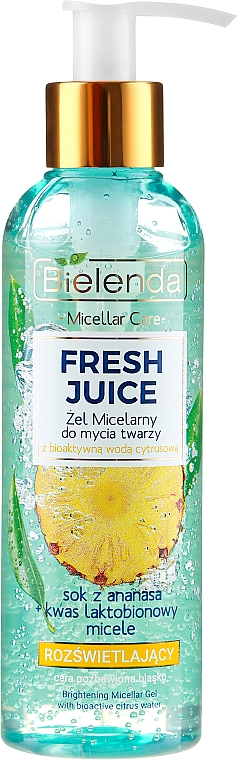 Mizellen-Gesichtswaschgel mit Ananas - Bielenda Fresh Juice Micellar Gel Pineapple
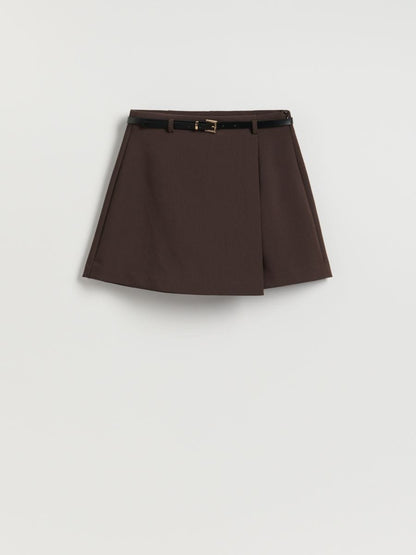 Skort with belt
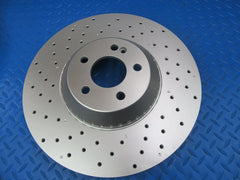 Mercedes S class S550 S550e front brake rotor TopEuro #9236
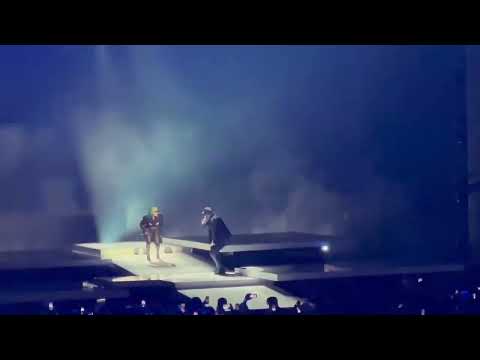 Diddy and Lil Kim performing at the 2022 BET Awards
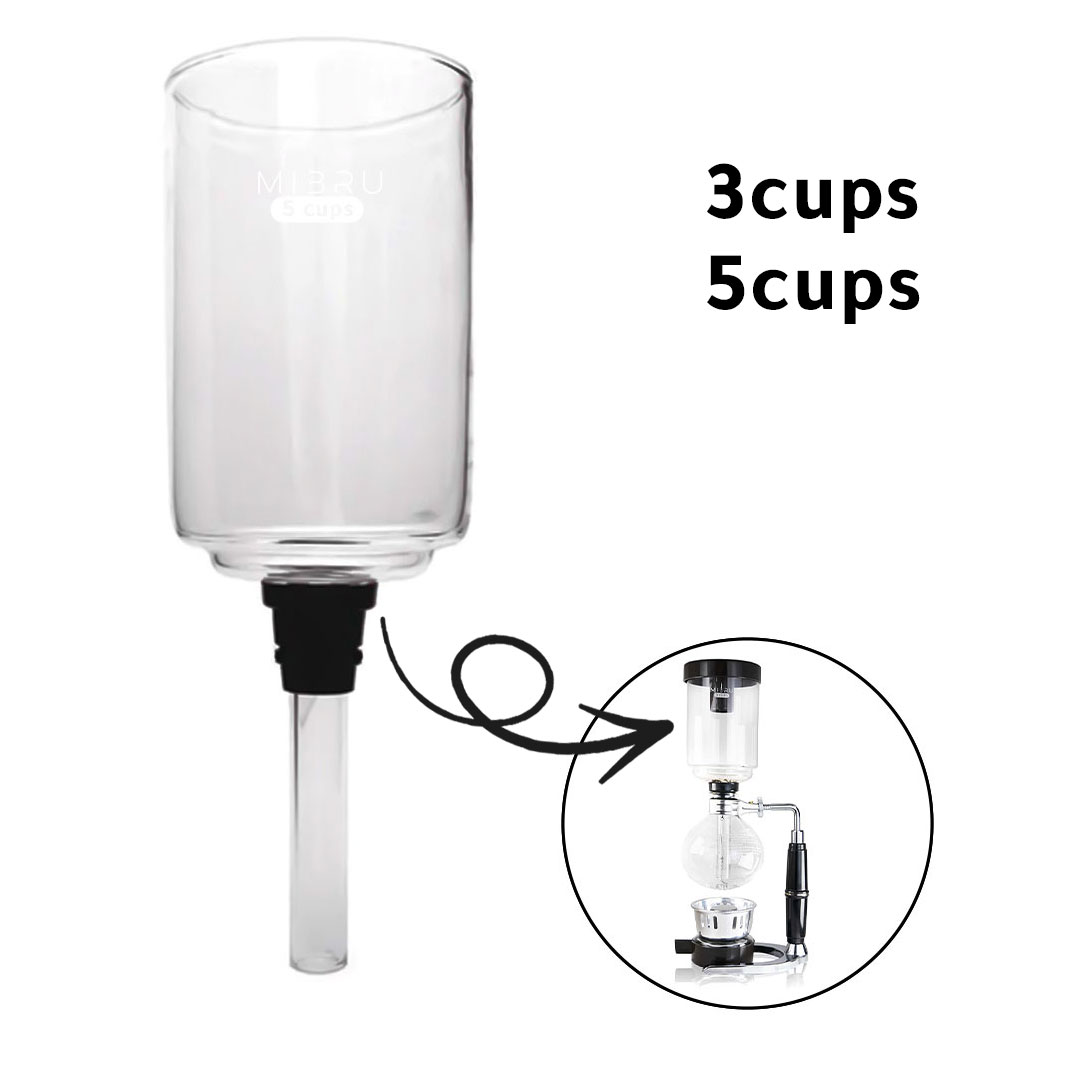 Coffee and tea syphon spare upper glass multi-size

■ ■ ■ ■ ■ ■ ■

### [Work item]
Exact repetition of each line above is expected; images are to be omitted.

### [Written answer]
 Mizellen-Gesichtswaschgel mit Ananas - Bielenda Fresh Juice Micellar Gel Pineapple
 Skort with belt
 Mercedes S class S550 S550e front brake rotor TopEuro #9236
 Diddy and Lil Kim performing at the 2022 BET Awards
 Coffee and tea syphon spare upper glass multi-size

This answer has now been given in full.